The Descendents of Nikolas Dadiani Mingrelski
The Soviet takeover of Georgia was a great tragedy for the Dadianis and other noble families, all of whom were presumed by the authorities to be enemies of the Soviet government. Not only were they the symbolic “class enemy,” but they also represented the most educated stratum of society, and thus potentially the most effective force for resistance to the new system. A glimpse into the fate of the Georgian aristocracy under the new Soviet regime is provided by the personal stories of the descendants of Nikolas Dadiani Mingrelski, the last Principal of Samegrelo.
Nikolas had four children: Ekaterine, who died as a young child; Nikolas (1876-1919); Salome-Mia (1878-1961); and Menik (1880-1954), who was born out of wedlock to Niko’s mistress Kesaria Chikovani .
The story of the eldest son, also named Nikolas, is short and tragic. Nikolas was working in the Foreign Ministry of the Russian Empire at the time of the Bolshevik Revolution. Upon seizing power, the Bolsheviks imprisoned him at St. Petersburg, where he soon died, hungry and ill.
His body was released to his fiancée, Elena Eristavi, who buried him the garden of a Georgian church in Russia. The location of his grave is unknown.
In 1897, Niko’s daughter Salome-Mia married Alexander Obolensky, a major general in the Tsar’s private forces who later became a provincial Governor. After the Revolution, Alexander fought with the opposition Mensheviks and later joined an expatriate army in Estonia that managed to break through the Soviet front lines. However, the army was turned back before it reached St. Petersburg, and Alexander and his family fled to France, where they were forced to endure both material poverty and the psychological scars of seeing the total destruction of their way of life. In 1924, Alexander died, leaving his wife and children without material support.
The year before Alexander died, Salome sued the government-in-exile of the Republic of Georgia, which was also domiciled in France, in an effort to recover ownership of some of the Georgian national treasures that it had spirited out of the country when Georgia fell to the Red Army. She claimed that the items in question had been illegally seized from her family. The French courts, however, rejected her claim.
The years after this setback were difficult for Salome and her family—to the point where her son Nikolas Obolensky attempted suicide. However, they eventually managed to pick themselves up and adjust to their diminished circumstances. Nikolas finished a military education and went on to study economics at the University of Geneva.
In 1940, after the occupation of France by Nazi forces, Nikolas joined the French national resistance.

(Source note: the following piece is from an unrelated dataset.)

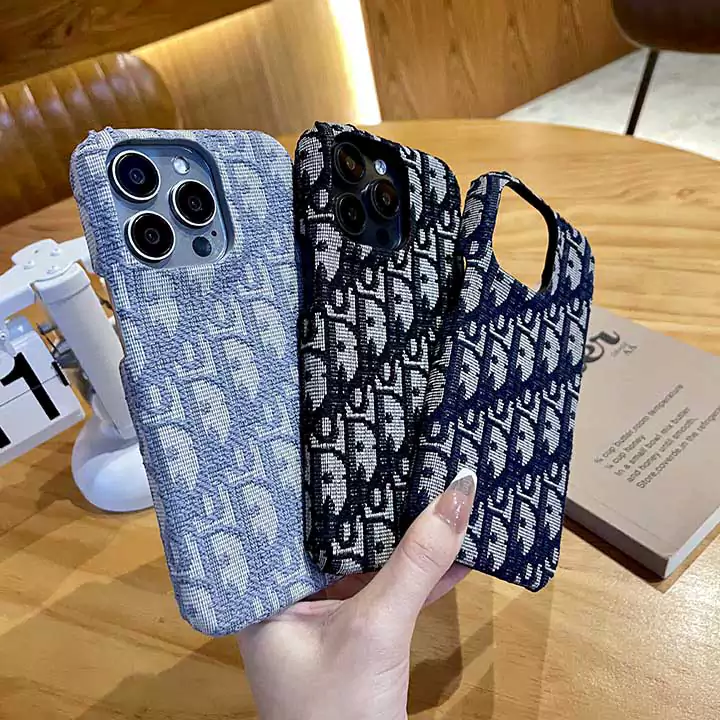  dior iphone 16/16pro case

The organization in which he served had strong connections to General Charles de Gaulle, and specialized in reconnaissance, smuggling arms, training members of the resistance, and helping captured British soldiers to escape. In 1944, Nikolas was captured by the Germans and sent to the concentration camp at Buchenwald. Against the odds, Nikolas survived Buchenwald and was liberated in 1945 by U.S. forces. For his heroic actions and personal sacrifice in the service of France, Nikolas was formally honored by General de Gaulle.

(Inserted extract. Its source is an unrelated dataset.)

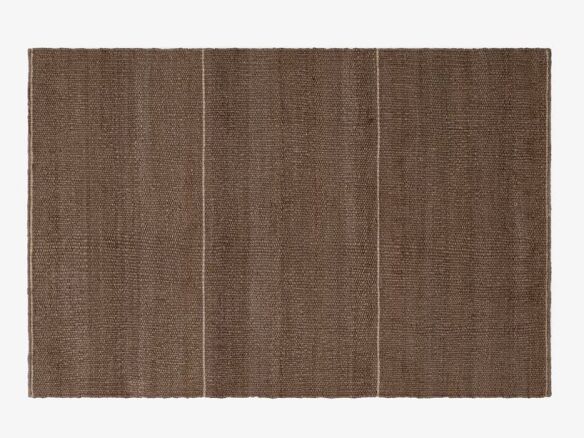 acre 01 rug 10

In 1963, Nikolas joined the clergy of the Orthodox Church, where he remained until the end of his life. His ecclesiastic service included stints as Rector of Biarica Montare, an Orthodox School in France, and as Monsignor of Alexander Nevsky Church in Paris.

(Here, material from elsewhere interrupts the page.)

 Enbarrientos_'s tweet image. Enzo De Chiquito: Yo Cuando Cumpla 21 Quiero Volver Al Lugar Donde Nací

Menik was fathered out of wedlock by Nikolas Dadiani Mingrelski. She married Andria Gelovani and gave birth to a son of her own, Dadash Gelovani (1899-1924). Although Menik survived the turmoil of the early Soviet period, her remarkably gifted son was not so fortunate.
Dadash was a talented student from his earliest days. He studied at Tbilisi State University, where his brilliance earned him both a government scholarship for advanced studies in Germany, and the nickname of “The Georgian Hegel”—after the influential German philosopher Georg Wilhelm Friedrich Hegel, whose work was, perhaps ironically, a powerful influence on the young Karl Marx. During the Soviet repression of Georgian nationalist resistance in the 1920s, Dadash laid low in the village of Lechkhumi and concealed his relatively privileged status. On a trip to Kutaisi in 1924, however, he was detained by the Soviet police and questioned. According to one story, the police failed to find anything suspicious about him and set him free; however, while leaving the building, he tripped on the stairs and his gold-filigreed eyeglass case fell out of his overcoat. Seeing this symbol of privilege, the police hauled him back into custody. He was later summarily executed.